> _Exercise brief_:
Copy the entries that appear below in full, leaving out any picture among them.

> _Text-to-region grounding data_:
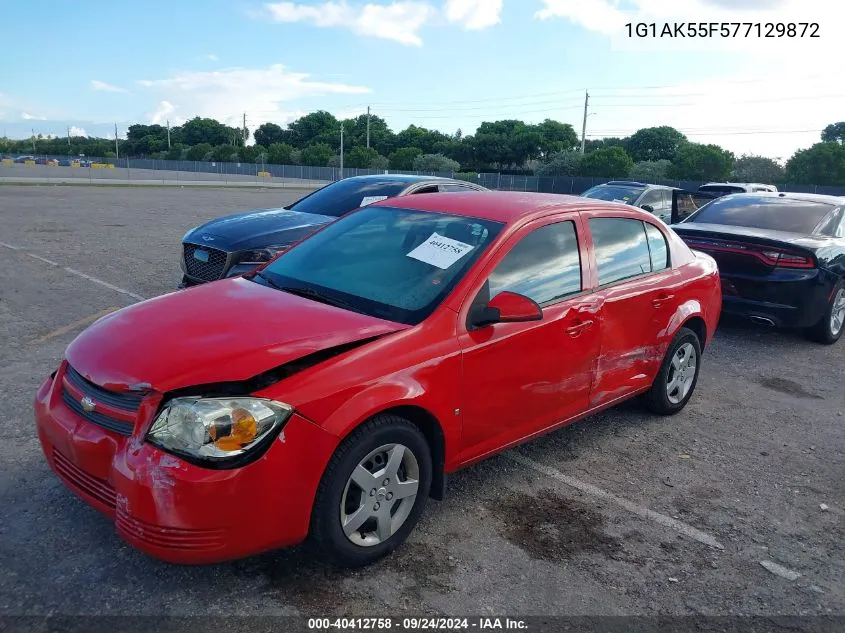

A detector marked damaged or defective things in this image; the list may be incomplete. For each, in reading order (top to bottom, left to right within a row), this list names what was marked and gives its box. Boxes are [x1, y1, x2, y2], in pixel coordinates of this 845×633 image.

crumpled hood [185, 207, 332, 252]
crumpled hood [66, 278, 408, 392]
damaged red car [33, 190, 720, 564]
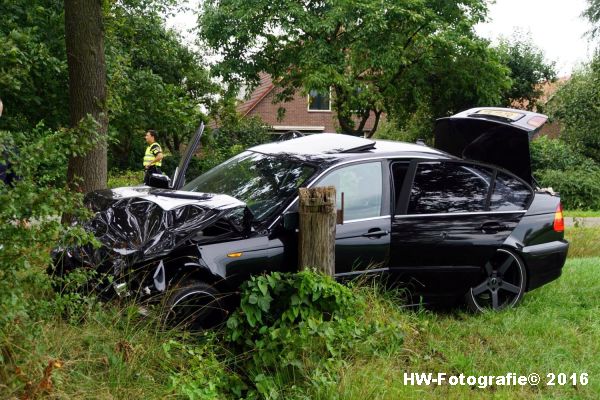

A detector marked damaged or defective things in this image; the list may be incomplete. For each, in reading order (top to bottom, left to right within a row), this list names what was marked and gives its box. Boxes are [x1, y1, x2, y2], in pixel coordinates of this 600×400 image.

crumpled hood [79, 186, 248, 270]
bent hood panel [82, 189, 248, 270]
shattered windshield [182, 151, 314, 220]
wrecked black sedan [51, 108, 568, 326]
bent hood panel [434, 108, 548, 185]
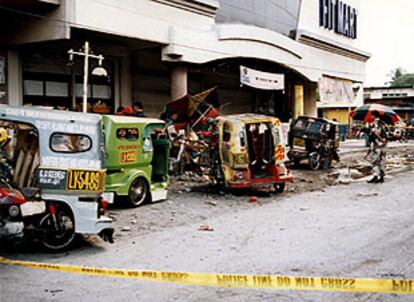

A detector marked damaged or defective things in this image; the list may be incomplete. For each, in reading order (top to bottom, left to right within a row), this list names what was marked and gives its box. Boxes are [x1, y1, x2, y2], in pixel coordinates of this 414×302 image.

> _Answer to this problem_:
A detector marked damaged or defective things in this image; the list may be incomplete. For each, in reading order (top to bottom, left to right within a row), this list names what was marked and gives its box. Boxes are [x1, y1, x2, y2], in pixel coordinates of this 845×633 image.

crumpled hood [185, 207, 332, 252]
crumpled hood [66, 278, 408, 392]
damaged red car [33, 190, 720, 564]

A detector marked damaged or defective things in this image; the list may be incomplete. For each, in reading order (top to bottom, left to right within a row), this list names what was marked and gives its box. Boxes are [x1, y1, x2, y2], in pixel coordinates of this 600×400 image.

crumpled hood [79, 186, 248, 270]
bent hood panel [82, 189, 248, 270]
shattered windshield [182, 151, 314, 220]
wrecked black sedan [51, 108, 568, 326]
bent hood panel [434, 108, 548, 185]

A detector marked damaged or defective things in this image; the list may be incomplete. For each, in reading order (top to bottom, left to right within a row), this list names what was marked and gives its box. Boxes are [x1, y1, x2, y2], in pixel coordinates of this 414×302 image.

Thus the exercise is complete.